WHAT YOU HAVE TO DO: From the records below, transcribe only the lines running from the one with "David Charles Kids'" through the one with "15.6'' Digital Calendar". Keep both of those end lines.

====== STUDY MATERIAL

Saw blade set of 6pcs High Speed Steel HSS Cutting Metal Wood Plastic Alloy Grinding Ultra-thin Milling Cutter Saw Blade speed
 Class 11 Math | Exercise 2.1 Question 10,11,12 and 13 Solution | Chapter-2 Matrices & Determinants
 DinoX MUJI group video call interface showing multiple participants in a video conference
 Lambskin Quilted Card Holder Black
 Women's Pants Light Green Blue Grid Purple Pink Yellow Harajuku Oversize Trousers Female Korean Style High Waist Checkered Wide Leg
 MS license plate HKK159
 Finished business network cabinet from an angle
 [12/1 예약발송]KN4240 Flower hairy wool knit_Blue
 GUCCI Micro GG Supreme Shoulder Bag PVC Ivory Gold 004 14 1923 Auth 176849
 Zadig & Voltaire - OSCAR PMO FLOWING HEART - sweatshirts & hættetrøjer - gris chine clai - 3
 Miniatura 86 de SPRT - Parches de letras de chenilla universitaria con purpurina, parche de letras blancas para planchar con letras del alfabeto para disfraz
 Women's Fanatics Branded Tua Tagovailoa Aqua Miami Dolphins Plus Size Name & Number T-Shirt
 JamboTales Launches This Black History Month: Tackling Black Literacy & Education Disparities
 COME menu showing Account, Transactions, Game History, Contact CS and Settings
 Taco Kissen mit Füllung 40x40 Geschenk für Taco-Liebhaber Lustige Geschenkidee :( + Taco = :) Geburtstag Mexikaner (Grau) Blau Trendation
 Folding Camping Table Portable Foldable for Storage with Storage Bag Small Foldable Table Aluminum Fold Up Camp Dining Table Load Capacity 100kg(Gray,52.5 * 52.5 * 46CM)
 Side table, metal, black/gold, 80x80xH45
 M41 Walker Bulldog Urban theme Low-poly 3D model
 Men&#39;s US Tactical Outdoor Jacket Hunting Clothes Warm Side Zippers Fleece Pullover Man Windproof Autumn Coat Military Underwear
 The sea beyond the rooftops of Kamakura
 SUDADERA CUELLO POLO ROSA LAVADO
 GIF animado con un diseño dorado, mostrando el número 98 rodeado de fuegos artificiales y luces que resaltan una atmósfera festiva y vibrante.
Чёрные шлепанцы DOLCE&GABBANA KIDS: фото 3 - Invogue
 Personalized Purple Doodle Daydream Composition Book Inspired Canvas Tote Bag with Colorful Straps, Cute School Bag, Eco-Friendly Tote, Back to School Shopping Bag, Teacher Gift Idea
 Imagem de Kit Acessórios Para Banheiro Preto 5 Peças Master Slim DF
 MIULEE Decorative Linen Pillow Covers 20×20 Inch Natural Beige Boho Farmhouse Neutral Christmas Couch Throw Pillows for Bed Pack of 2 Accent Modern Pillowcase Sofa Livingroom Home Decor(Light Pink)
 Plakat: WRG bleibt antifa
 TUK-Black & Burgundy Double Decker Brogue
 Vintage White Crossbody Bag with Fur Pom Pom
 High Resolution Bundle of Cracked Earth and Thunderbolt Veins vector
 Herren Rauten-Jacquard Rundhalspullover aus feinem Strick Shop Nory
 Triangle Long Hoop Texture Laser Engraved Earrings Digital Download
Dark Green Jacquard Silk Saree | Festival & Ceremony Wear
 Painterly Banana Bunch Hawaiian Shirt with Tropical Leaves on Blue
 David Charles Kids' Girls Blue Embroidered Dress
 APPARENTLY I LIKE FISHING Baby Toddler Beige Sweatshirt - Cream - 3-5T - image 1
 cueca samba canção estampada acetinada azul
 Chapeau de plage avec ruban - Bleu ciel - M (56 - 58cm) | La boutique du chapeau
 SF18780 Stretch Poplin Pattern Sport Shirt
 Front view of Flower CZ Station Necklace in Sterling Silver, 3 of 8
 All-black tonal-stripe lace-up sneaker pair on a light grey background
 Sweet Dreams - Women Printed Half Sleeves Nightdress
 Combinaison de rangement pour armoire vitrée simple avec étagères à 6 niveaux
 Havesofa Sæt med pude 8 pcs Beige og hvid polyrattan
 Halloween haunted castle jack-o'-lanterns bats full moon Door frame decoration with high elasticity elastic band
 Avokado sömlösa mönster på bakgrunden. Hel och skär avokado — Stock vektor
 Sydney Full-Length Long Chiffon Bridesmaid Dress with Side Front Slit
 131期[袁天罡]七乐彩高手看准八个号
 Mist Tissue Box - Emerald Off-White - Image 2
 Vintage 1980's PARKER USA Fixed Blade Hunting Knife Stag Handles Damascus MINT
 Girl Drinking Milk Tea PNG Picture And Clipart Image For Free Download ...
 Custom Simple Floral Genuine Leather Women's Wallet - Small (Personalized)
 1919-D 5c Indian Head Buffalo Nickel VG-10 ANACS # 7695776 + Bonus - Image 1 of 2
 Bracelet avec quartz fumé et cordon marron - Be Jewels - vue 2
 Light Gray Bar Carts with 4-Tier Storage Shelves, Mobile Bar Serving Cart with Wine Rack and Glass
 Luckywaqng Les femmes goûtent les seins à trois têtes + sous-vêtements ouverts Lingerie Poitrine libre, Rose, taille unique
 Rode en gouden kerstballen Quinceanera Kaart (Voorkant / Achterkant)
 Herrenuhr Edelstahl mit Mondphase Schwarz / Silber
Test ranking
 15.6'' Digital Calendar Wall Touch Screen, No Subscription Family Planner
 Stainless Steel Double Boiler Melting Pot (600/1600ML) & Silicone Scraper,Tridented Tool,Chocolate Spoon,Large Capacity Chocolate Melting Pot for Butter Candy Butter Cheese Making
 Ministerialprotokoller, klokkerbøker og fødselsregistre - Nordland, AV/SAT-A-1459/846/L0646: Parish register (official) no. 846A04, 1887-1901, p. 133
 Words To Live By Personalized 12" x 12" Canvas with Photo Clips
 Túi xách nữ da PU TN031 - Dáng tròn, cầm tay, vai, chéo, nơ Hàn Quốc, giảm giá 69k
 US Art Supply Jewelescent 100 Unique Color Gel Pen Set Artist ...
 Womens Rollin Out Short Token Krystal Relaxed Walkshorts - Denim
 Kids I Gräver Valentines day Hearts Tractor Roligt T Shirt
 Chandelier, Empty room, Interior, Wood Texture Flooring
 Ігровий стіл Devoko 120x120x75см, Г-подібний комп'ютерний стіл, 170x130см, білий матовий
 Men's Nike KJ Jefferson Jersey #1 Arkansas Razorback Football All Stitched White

============

OUTPUT BELOW:
 David Charles Kids' Girls Blue Embroidered Dress
 APPARENTLY I LIKE FISHING Baby Toddler Beige Sweatshirt - Cream - 3-5T - image 1
 cueca samba canção estampada acetinada azul
 Chapeau de plage avec ruban - Bleu ciel - M (56 - 58cm) | La boutique du chapeau
 SF18780 Stretch Poplin Pattern Sport Shirt
 Front view of Flower CZ Station Necklace in Sterling Silver, 3 of 8
 All-black tonal-stripe lace-up sneaker pair on a light grey background
 Sweet Dreams - Women Printed Half Sleeves Nightdress
 Combinaison de rangement pour armoire vitrée simple avec étagères à 6 niveaux
 Havesofa Sæt med pude 8 pcs Beige og hvid polyrattan
 Halloween haunted castle jack-o'-lanterns bats full moon Door frame decoration with high elasticity elastic band
 Avokado sömlösa mönster på bakgrunden. Hel och skär avokado — Stock vektor
 Sydney Full-Length Long Chiffon Bridesmaid Dress with Side Front Slit
 131期[袁天罡]七乐彩高手看准八个号
 Mist Tissue Box - Emerald Off-White - Image 2
 Vintage 1980's PARKER USA Fixed Blade Hunting Knife Stag Handles Damascus MINT
 Girl Drinking Milk Tea PNG Picture And Clipart Image For Free Download ...
 Custom Simple Floral Genuine Leather Women's Wallet - Small (Personalized)
 1919-D 5c Indian Head Buffalo Nickel VG-10 ANACS # 7695776 + Bonus - Image 1 of 2
 Bracelet avec quartz fumé et cordon marron - Be Jewels - vue 2
 Light Gray Bar Carts with 4-Tier Storage Shelves, Mobile Bar Serving Cart with Wine Rack and Glass
 Luckywaqng Les femmes goûtent les seins à trois têtes + sous-vêtements ouverts Lingerie Poitrine libre, Rose, taille unique
 Rode en gouden kerstballen Quinceanera Kaart (Voorkant / Achterkant)
 Herrenuhr Edelstahl mit Mondphase Schwarz / Silber
Test ranking
 15.6'' Digital Calendar Wall Touch Screen, No Subscription Family Planner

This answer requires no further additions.